▸ About this task: Starting with the line with "Chili Contest Winner" in the entries below and going on through the line with "Patriotic Red White Blue Star Spangled Nails", output every line exactly and nothing more. No pictures.

▸ Records to process:

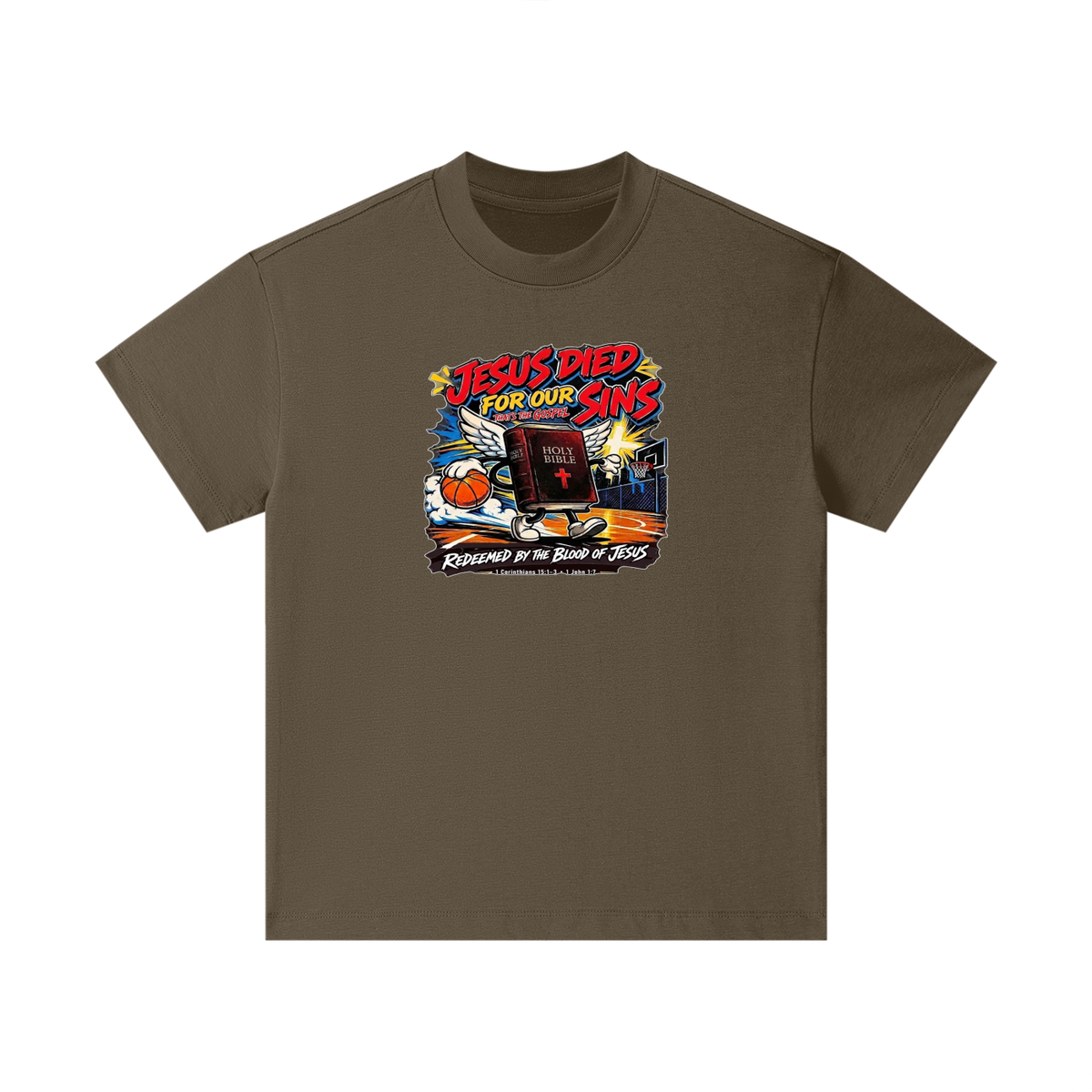 Jesus died for our sins that's the gospel redeemed by the blood of Jesus 1 Corinthians 15:1-3 . 1 John 1:7 Kids T-Shirt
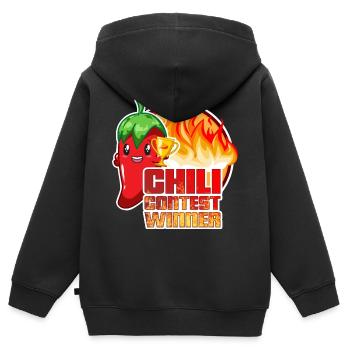 Chili Contest Winner | Hot Food Chilishirt - Kinder Premium Organic Zip Hoodie - Schwarz - Hinten - AI Model Kid Male (0cm)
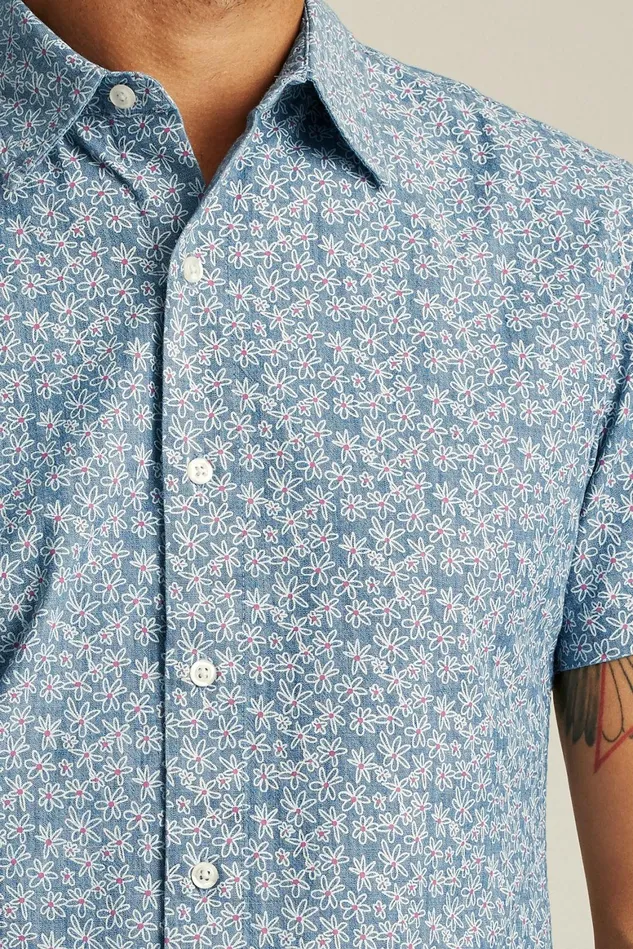 Men Riviera Short Sleeve Shirt Chambray Flower Power Bonobos Casual Shirts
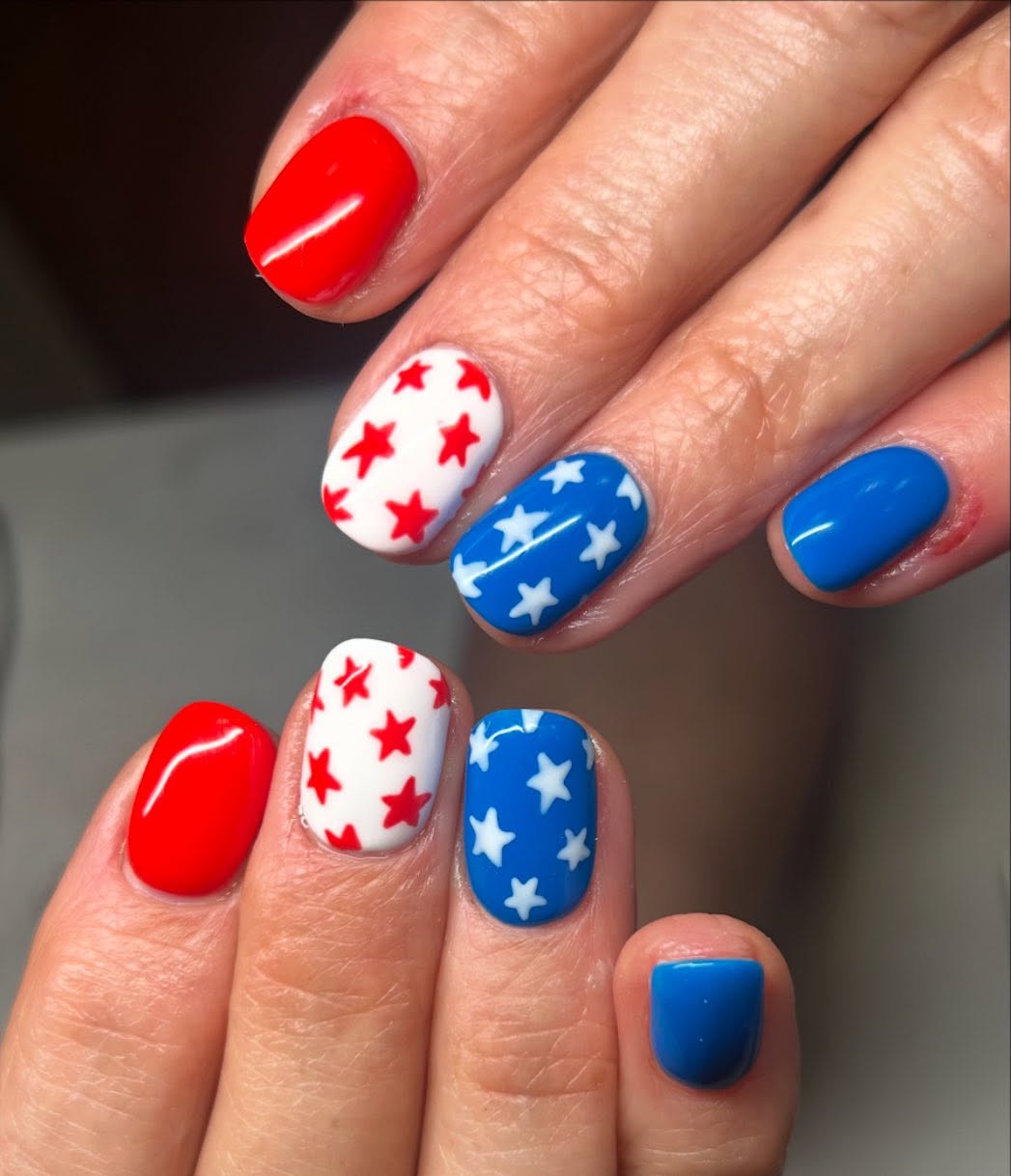 Patriotic Red White Blue Star Spangled Nails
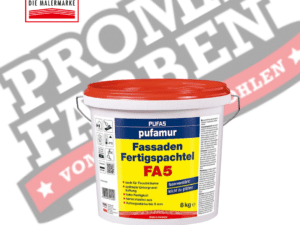 Die PUFAMUR FASSADEN-FERTIGSPACHTEL FA5 8KG ist eine hochwertige, faserverstärkte Spachtelmasse, die speziell für den Einsatz im Innen- und Außenbereich entwickelt wurde. Diese Spachtelmasse eignet sich ideal zum Ausbessern, Füllen und Glätten von Fassaden, Wand- und Deckenflächen. Zudem ist sie perfekt zum Einbetten von Armierungsband geeignet.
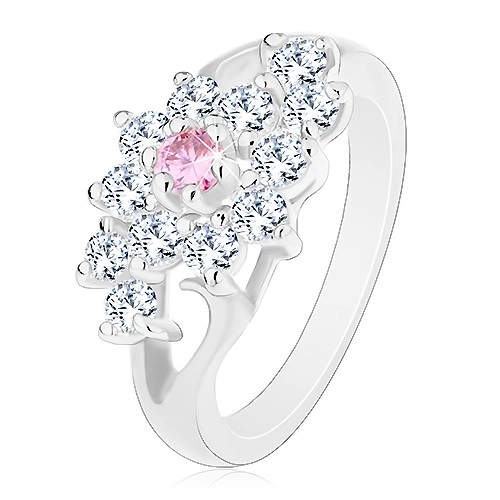 Prsten s lesklými rozdělenými rameny, čirý kvítek s růžovým středem - Velikost: 49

▸ Solution to the problem:
 Chili Contest Winner | Hot Food Chilishirt - Kinder Premium Organic Zip Hoodie - Schwarz - Hinten - AI Model Kid Male (0cm)
 Men Riviera Short Sleeve Shirt Chambray Flower Power Bonobos Casual Shirts
 Patriotic Red White Blue Star Spangled Nails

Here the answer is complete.